DE CÁ E DELÁ

Daqui e dali, dos lugares por onde andei ou por onde gostaria de ter andado, dos mares que naveguei, dos versos que fiz, dos amigos que tive, das terras que amei, dos livros que escrevi.
Por onde me perdi, aonde me encontrei... Hei-de falar muito do que me agrada e pouco do que me desgosta.
O meu trabalho, que fui eu quase todo, ficará de fora deste projecto.
Vou tentar colar umas páginas às outras. Serão precárias, como a vida, e nunca hão-de ser livro. Não é esse o destino de tudo o que se escreve.
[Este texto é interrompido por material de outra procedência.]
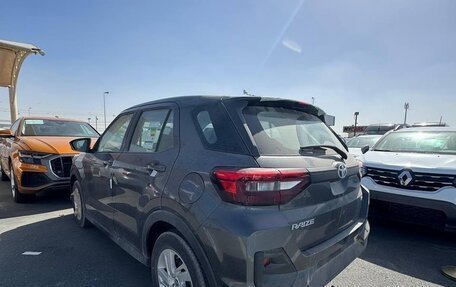 Toyota Raize I, 2023 год, 2 200 000 рублей, 4 фотография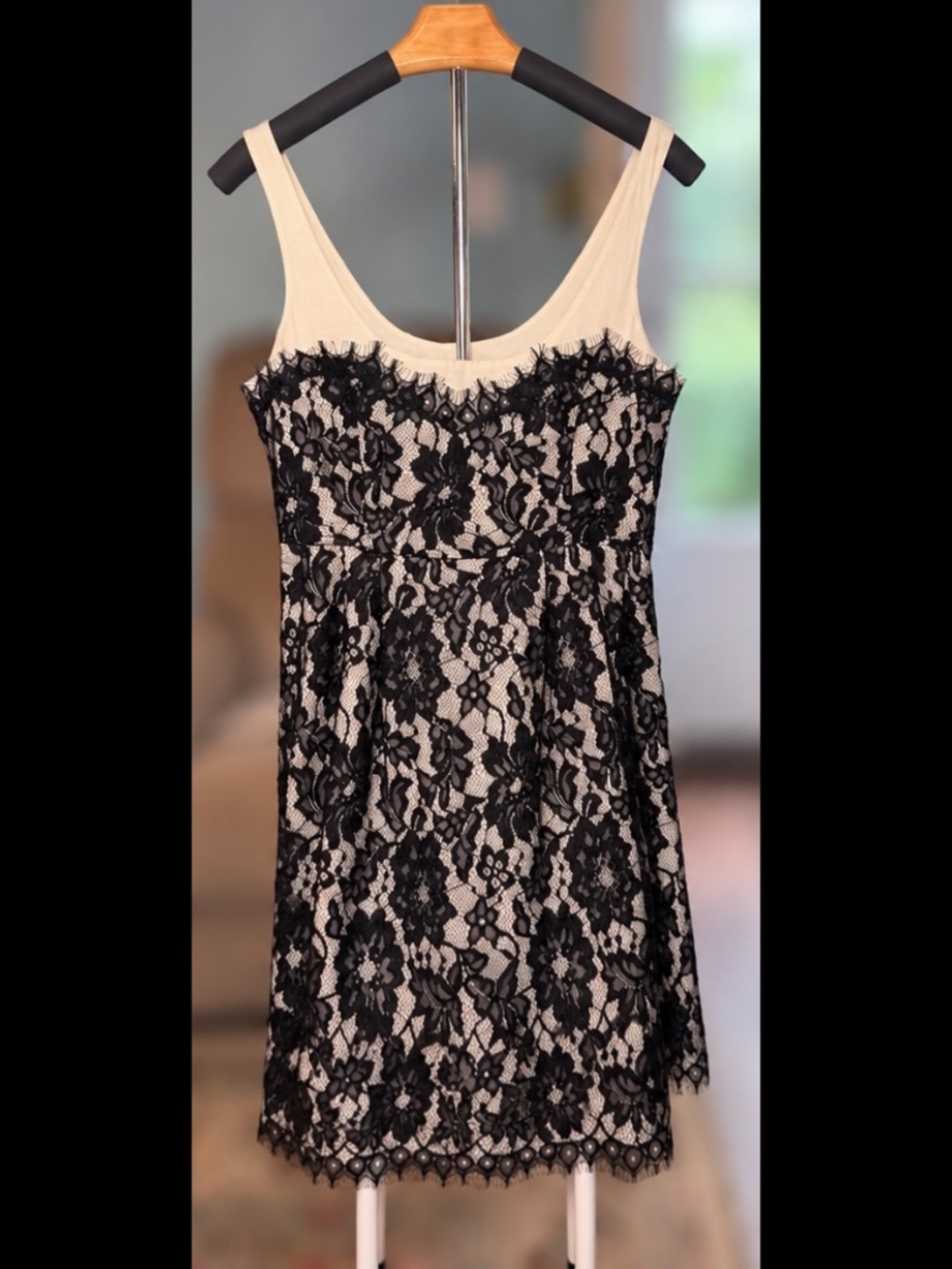 BB Dakota Lace Sleeveless Dress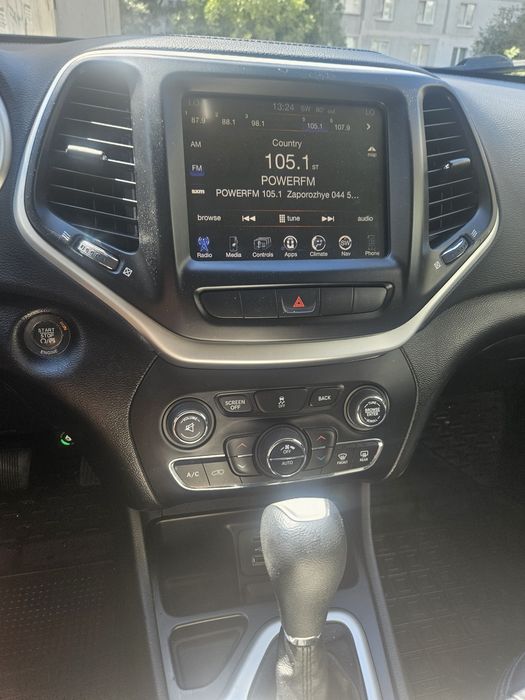 Jeep Cherokee Limited White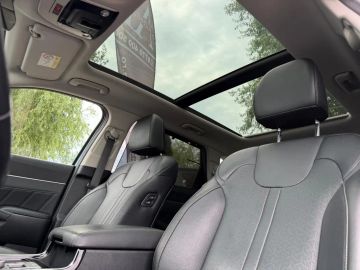 Car image 30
sexta-feira, 31 de março de 2017



E pronto... Acaba aqui a saga do Tamegão. Esperemos pelo livro impresso em papel. Foi um prazer acolher o Nunes Pinto neste espaço.

António Trabulo


CARLOS NUNES PINTO




REFLEXÃO

A cada ano de saudades correspondem dez anos civis. Posso dizer, com verdade, que já estou em Portugal há quatrocentos e tal anos.
A África não estava no beirado das casas. Estava nos pingos da chuva que escorregavam do capim das cubatas, fazendo buraquinhos em auréola, assinalando pequenos territórios.
Não estava nos coleguinhas da escola, de colarinhos feitos por medida.
Estava na nudez dos troncos de homens e mulheres, na liberdade de ser essência.
Não estava nas batas, nem nas meias altas.
Estava na sola rija dos pés que pisavam sem dar pelos espinhos do caminho.
Pele dura que gretava pelo quente do sol e pelo cieiro frio da noite.
Não estava nos animais guardados em jaulas de aço.
Estava no berro de liberdade dos que pastavam tranquilos na savana, à beira do rio.
Não estava nas luzes das cidades que nos negam o sono.
Estava na luz da lua que nos ensinava os caminhos.
Não estava na brancura da neve da serra nem na brisa gelada do Norte.
Estava no calor do sol que abrasava os nossos abraços.
Não está em mim, nem em ti. Está nesta saudade que o batuque vai reclamando.